Alors oui, on peut considérer que le cadre médiéval-fantastique tolkienisant standard est un peu cheap, qu'il s'agit du plastique à tout faire d'un million de mondes interchangeables. (J'ai moi-même souvent ressenti l'agacement extrêmement bien décrit ici par Boulet et qui pourrait directement attaquer beaucoup des histoires que j'ai écrites.) Mais on doit savoir gré à Tolkien d'avoir créé ce cadre standard qui ouvre les portes du royaume de l'imagination à mille adolescents qui ne deviendront jamais écrivains mais qui ont besoin de rêver, et peut-être à un qui deviendra écrivain, quitte à rester dans ce cadre mais en en faisant quelque chose de créatif car il est bien sûr possible de dépasser le cliché. (Pour être bien clair, je ne prétends absolument pas que je fantastique soit un genre réservé aux adolescents ou jeunes adultes : je dis juste qu'il est plus facile de se mettre à écrire dans ce cadre quand on est adolescent ou jeune adulte.)
C'est intéressant, parce qu'il semble qu'il (Tolkien) ait voulu créer une mythologie de l'Angleterre, mais ce qu'il a créé est à la fois plus large (dépassant largement l'Angleterre) mais aussi différent.
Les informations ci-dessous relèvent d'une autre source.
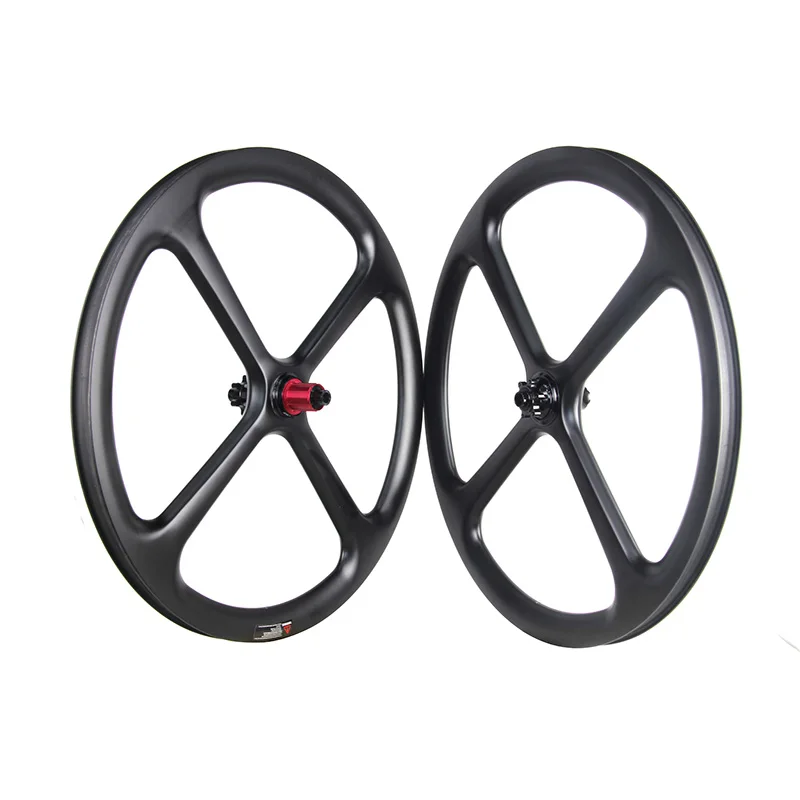 4-Spoke Wheels Carbon MTB with Chosen Hubs for 650B/27.5 Inch Mountain Bikes/E-bikes Customized Decal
La distinction entre un cadre imaginaire et une mythologie cohérente est assez subtile : il est plus facile d'écrire une histoire dans un monde basé le cadre médiéval-fantastique tolkienisant que sur les mythes grecs, par exemple, ou bien sur le cycle Arthur-Lancelot-Merlin-Graal, parce que ces derniers renvoient à des histoires assez précises avec lesquelles le lecteur s'attendrait à trouver une articulation (qu'il s'agisse de Thésée ou de Perceval, on leur associe plus que des caractéristiques générales, mais des événements bien définis), alors qu'il est beaucoup plus facile d'importer quelques idées des mondes à la Tolkien sans importer toutes les histoires de la Terre du Milieu. Allez savoir pourquoi : peut-être est-ce grâce à Dungeons & Dragons que se sont répandues non seulement l'idée de ce cadre générique mais aussi l'idée encore plus importante que chacun est libre de s'en emparer et d'en faire ce qu'il veut.
L'autre type de cadre dont on peut facilement imaginer s'emparer, c'est la science-fiction (et on peut peut-être croire que, pour moi qui avais une certaine culture scientifique déjà à quinze ans, ç'eût été plus naturel). J'ai certainement été beaucoup influencé par la trilogie originale des films Star Wars (j'ai vu l'épisode VI à sa sortie) et par la lecture du cycle Foundation d'Asimov (je ne vais pas redire ce que j'ai déjà écrit ici), et sans doute aussi, à un certain niveau, par le livre de vulgarisation scientifique Cosmos de Carl Sagan : quelle que soit la part de ces différences influences, je rêvais de civilisations galactiques, mais en même temps je voyais bien qu'il était très difficile d'écrire des histoires scientifiquement sensées dans un tel cadre. Car quels que soient les mécanismes imaginés pour contourner les obstacles évidents que présentent la finitude de la vitesse de la lumière, l'immensité des échelles d'espace et de temps impliquées, la rareté des planètes habitables et l'imagination des formes de vie extra-terrestres (ou l'explication de leur absence !), pour arriver à quelque chose de ne serait-ce que plausible scientifiquement, non seulement on devra faire d'immenses efforts d'exposition, mais en outre on arrivera certainement à un univers tellement étranger à l'expérience familière de l'auteur et du lecteur qu'il sera difficile de rentrer dedans. L'autre solution était de jeter résolument la science à la poubelle et de traiter le space opera comme on traite le médiéval-fantastique, comme un décor en plastique où on peut insérer n'importe quelle manière d'histoire, mais j'étais plus hostile à suspendre mon incrédulité scientifique de cette manière qu'en imaginant des elfes, des nains et des gnomes.